In the 1970's and 1980's, the United States Senate offered the Equal Rights Amendment to the states for ratification. The effort fell three states short of passing. Those who had pushed the Equal Rights Amendment in the United States did not give up. They went to the United Nations and there succeeded in enacting similar provisions in the Convention on the Elimination of All Forms of Discrimination against Women treaty. The problem with these provisions is not in their noble purpose of guaranteeing equality between the sexes, but rather in what else they attempt to do, and in how they are interpreted by a liberal UN oversight committee charged with implementing the provisons.
On January 26, the nation of Colombia had its opportunity before the CEDAW Committee. Colombia, as a signatory of the CEDAW Treaty, is obligated every four years to present evidence demonstrating its compliance with the treaty.
Following Colombia 's presentation, members of the panel of experts were permitted to ask questions. The first question was posed by the chairperson, Ms. Dubravka Simonovic from Croatia. She asked the Colombian representative if there had been any cases in Colombia in which the courts have used the CEDAW Treaty to overturn existing Colombian laws. Ms. Simonovic pointed out that inasmuch as Colombia had signed the treaty, it was obligated to bring all of its domestic laws into compliance with the treaty. Failure to do so, as implied by Ms. Simonovic, subjects Colombia , and other signatories, to sanctions by the committee.
This incident served as a grim reminder that once a country signs a treaty, it cedes a portion of its sovereignty to a group of people who may or may not have the same value system, and who may or may not understand the society of the country. For example, last year, the representative of Algeria was asked why the country had not established more day-care centers, enabling more women to work outside the home. The Algerian representative's reply was that in her country, the women wanted to be in the home to be with their own children. Judging from the comments of the panel of experts, they believe Algerian women have not found the highest and best use of their time. While there may be aspects of Algerian society that are repressive to women, a desire to rear their own children is not one of them.
The Equal Rights Amendment was rejected by the American people, but it is alive and well in international law as the Convention on the Elimination Against All Forms of Discrimination against Women. During his administration, President Jimmy Carter signed the CEDAW Treaty, but it has never been ratified by the U.S. Senate. Now that there has been a new majority in the Senate, it remains to be seen whether the U.S. will ratify CEDAW. If it is ratified, it will mean that the Equal Rights Amendment has come in through the back door, so to speak, when it was denied passage through the Constitutional process. Activist judges, including those on the Supreme Court, have already demonstrated a propensity to cite international law as justification for altering long-standing law and tradition.

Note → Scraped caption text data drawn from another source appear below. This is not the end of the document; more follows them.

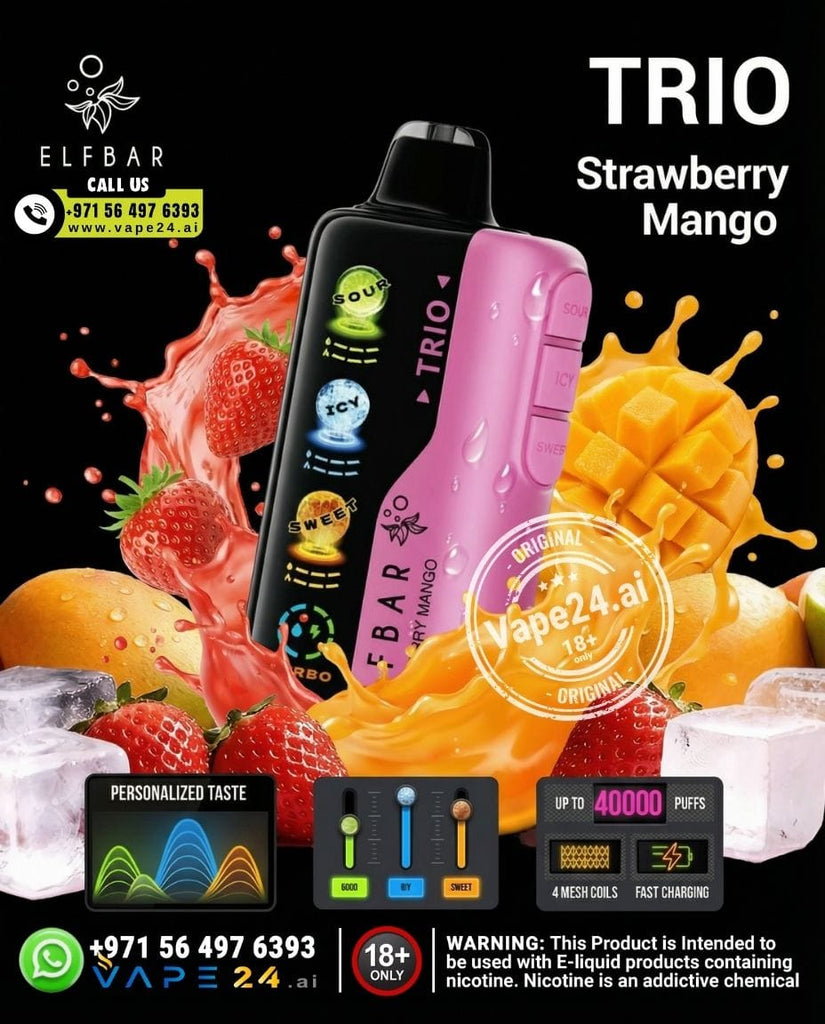 ELF BAR Trio 40K Disposable Vape 40000 Puffs – Custom Flavor Modes | Dubai UAE
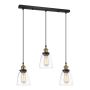 FRANCIS Zwis sufitowy MDM-2563/3 GD+CL od Italux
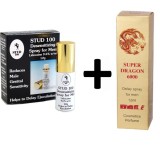Cumpara ieftin Pachet Spray Stud 100 Original + Spray pt Intarzierea Ejacularii Dragon "Super Dragon 6000" 12 ml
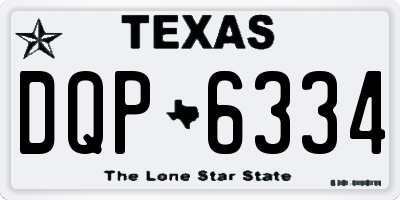 TX license plate DQP6334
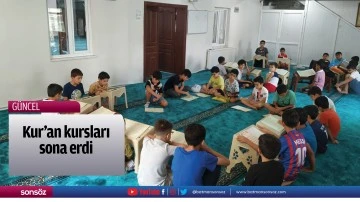 Kur'an kursları sona erdi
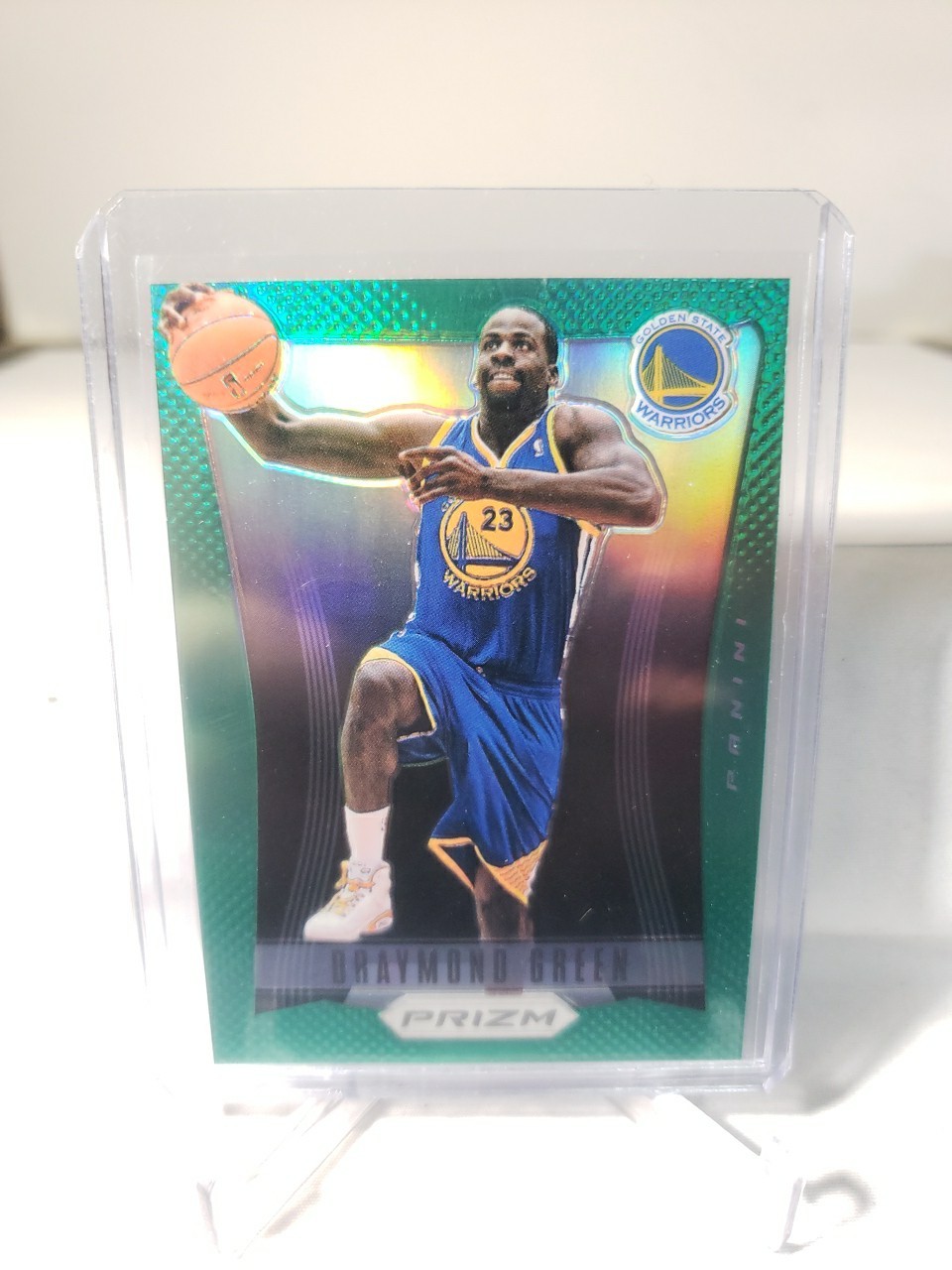 2012-13 PANINI PRIZM ROOKIE GREEN PRIZM DRAYMOND GREEN NO. 282 *WARRIORS*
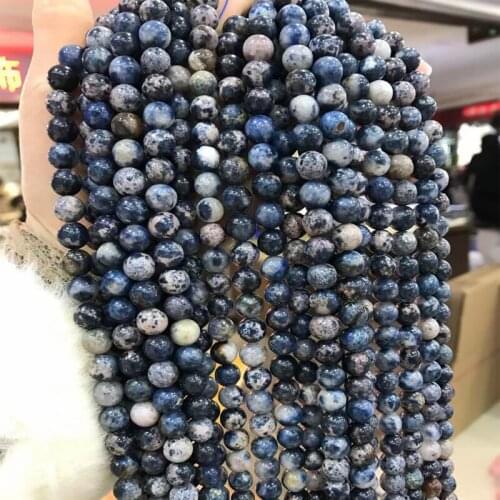 6/8/10/12mm Genuine Natural Pegmatite Stone Beads Loose Round Gem Stone DIY Jewelry Making Accessories Strand 15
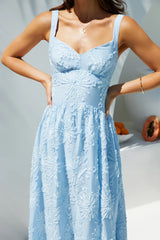 Porcelain Princess Maxi Dress in Blue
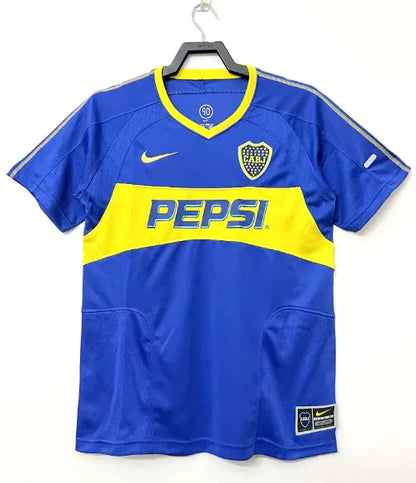 Boca Juniors 2003/04 Vintage Retro Home Jersey - Concept Kits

The 185 countries which have signed CEDAW are now in the position of having their own sovereign laws set aside. There will be no respite from the CEDAW experts -- 23 officials from the various state parties. Their opinions are final. They are not subject to review or appeal. They advance opinions and judgment that is considered “progressive” and liberal. Whether that is appropriate for, or in the best interests of, the individual countries is unimportant. The countries must conform to CEDAW. That's their law now, as interpreted by an international panel of 23 experts.